[Saved entries]

##########

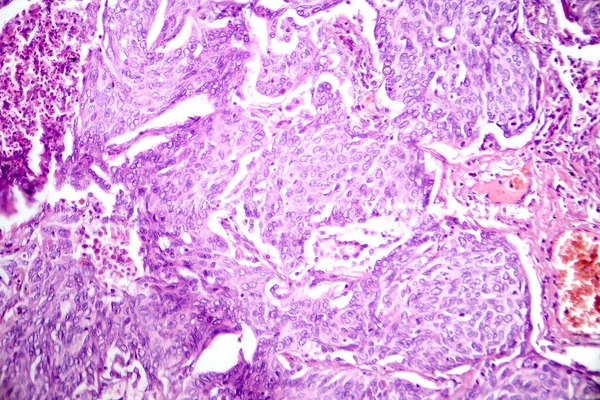 일반적인 유형의 폐암의 특징으로 세포를 보여주는 선암의 그래프 — 스톡 사진
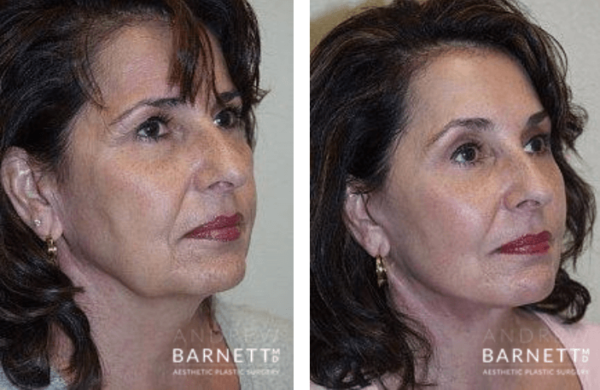 Facelift Walnut Creek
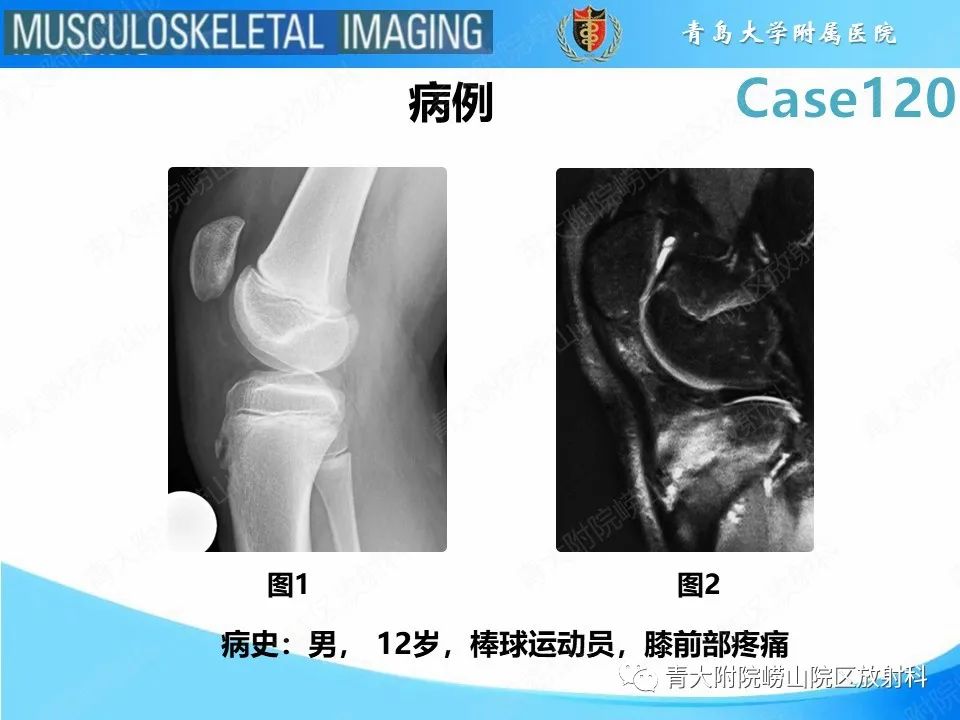 影像PPT - 【PPT】Osgood-Schlatter病-2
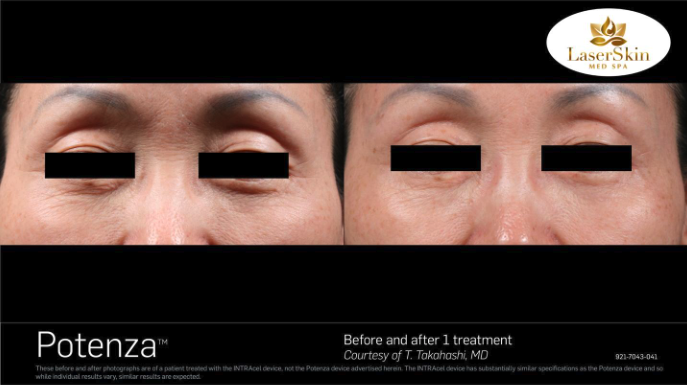 Before & After Skin Tightening Treatment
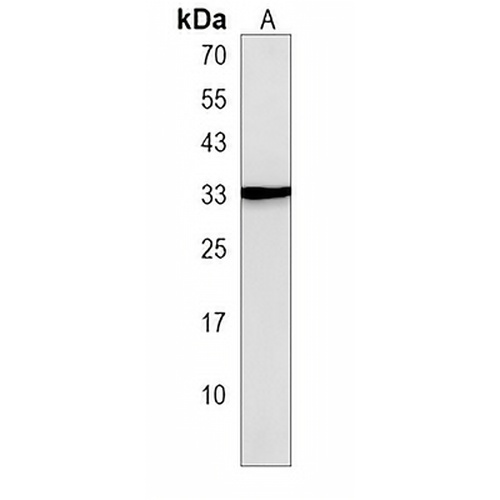 SSX3 Rabbit Polyclonal Antibody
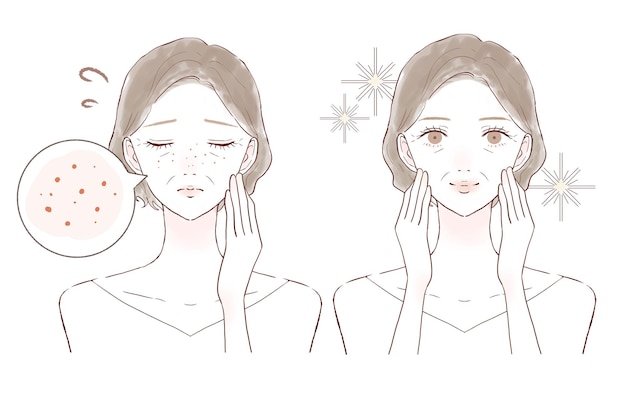 Before and after of middle-aged women suffering from sebum pores. On white background.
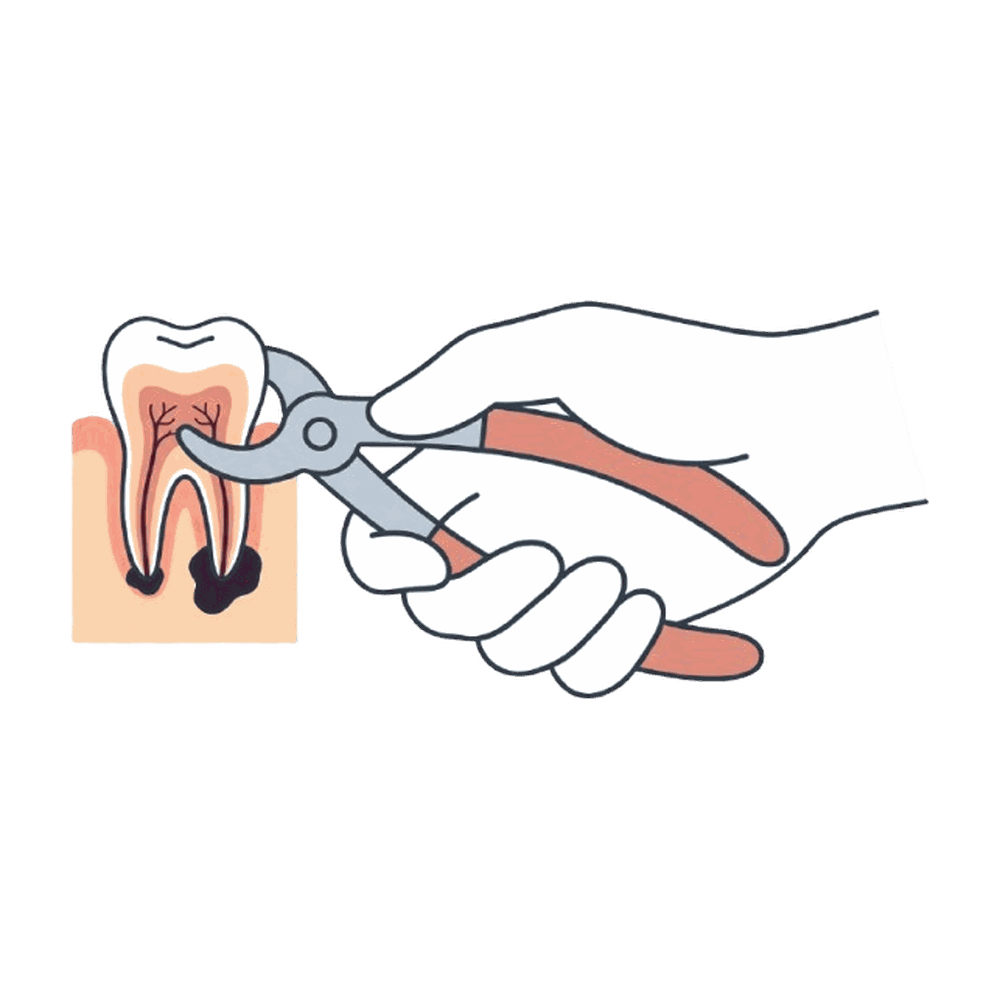 抜歯のイラスト素材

##########

§ **WORK REQUEST**: An exact reproduction of the data above is required, with every picture removed.

§ **EXERCISE OUTPUT**:
 일반적인 유형의 폐암의 특징으로 세포를 보여주는 선암의 그래프 — 스톡 사진
 Facelift Walnut Creek
 影像PPT - 【PPT】Osgood-Schlatter病-2
 Before & After Skin Tightening Treatment
 SSX3 Rabbit Polyclonal Antibody
 Before and after of middle-aged women suffering from sebum pores. On white background.
 抜歯のイラスト素材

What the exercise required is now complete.